AURORA, CO – APRIL 10: Erica DeGourville-Reyes lets out a yell as she leads a Zumba class at Dance 2 Gather in Aurora, Colorado on April 10, 2014. Erica DeGourville-Reyes started Dance 2 Gather in 2010. Reyes will host a zumba dance hall on April 26th and in June, her giant classes will take to Coors Field for the ÒDay of Dance.” The event will be the largest coordinated zumba performance ever.
Denver Post community journalist Megan Mitchell ...Author
PUBLISHED: | UPDATED:

AURORA — There are thousands of Zumba dance fitness classes that have cropped up all over the world in the last several years, and sometimes it’s hard to tell them apart.

Erica DeGourville-Reyes, a zumba education instructor from Aurora and owner of Dance 2 Gather at 15232 E. Hampden Circle, says that it takes a special something to stand out among the often recycled music and repetitive gyration that dominates so many classes.

“Above average, inspirational instructors take the time to learn more and more to perfect their craft,” said DeGourville-Reyes, 37. “They learn to engage with their participants and they’re not just on stage just to be on the stage.”

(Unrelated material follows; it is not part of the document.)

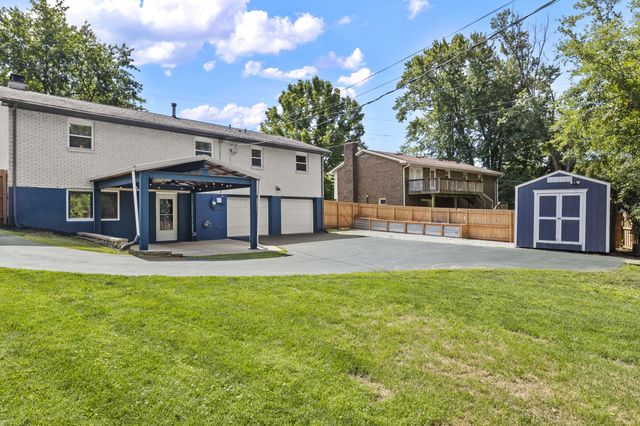 3483 Lansdowne Drive, Lexington, KY 40517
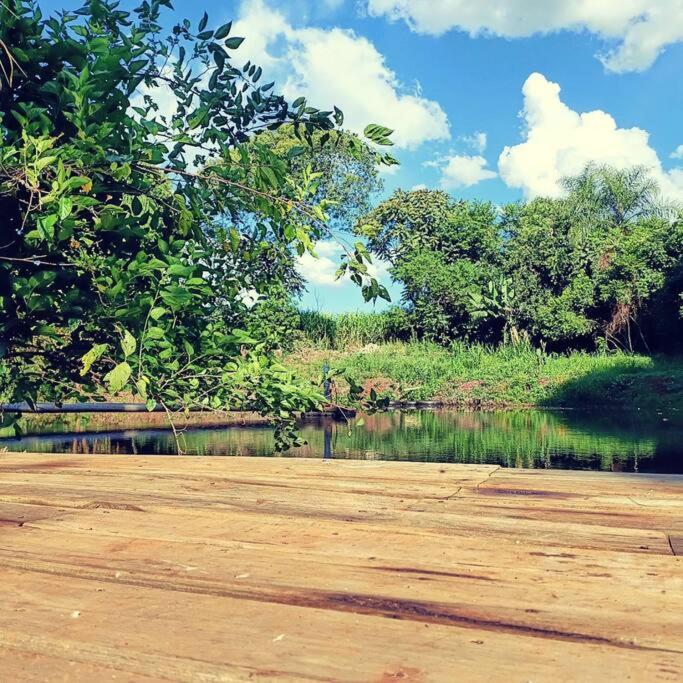 Casa na Árvore com lareira trilhas e cachoeira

DeGourville-Reyes took her first zumba class at a 24-hour Fitness in south Aurora in 2009. Though her first instructors were somewhat lackluster, there was very little that could dissuade her from falling madly in love with Zumba and pursuing it as a career.

“I took a ton of classes, and then I developed my own style and decided to take it to the next level,” said DeGourville-Reyes, who grew up on Caribbean music influenced by her Trinidadian father.

In 2010, she opened Dance 2 Gather in a space half the size of her current studio, which is in a strip mall near Mission Viejo. The walls are paneled with full-length mirrors and pastel paint, and a small stage is raised above the hardwood dance floor.

She moved to that location in 2011 and said she already needs more space, again.

There are 3,000 registered clients of Dance 2 Gather, and at least 300 who attend classes more than once a week. DeGourville-Reyes teaches nine classes a week, and there are no fewer than three classes held at her studio every day.

“People tell me that I changed them, and that’s why I love what I do and I only want to grow more and more,” she said. “This is where my heart and soul is.”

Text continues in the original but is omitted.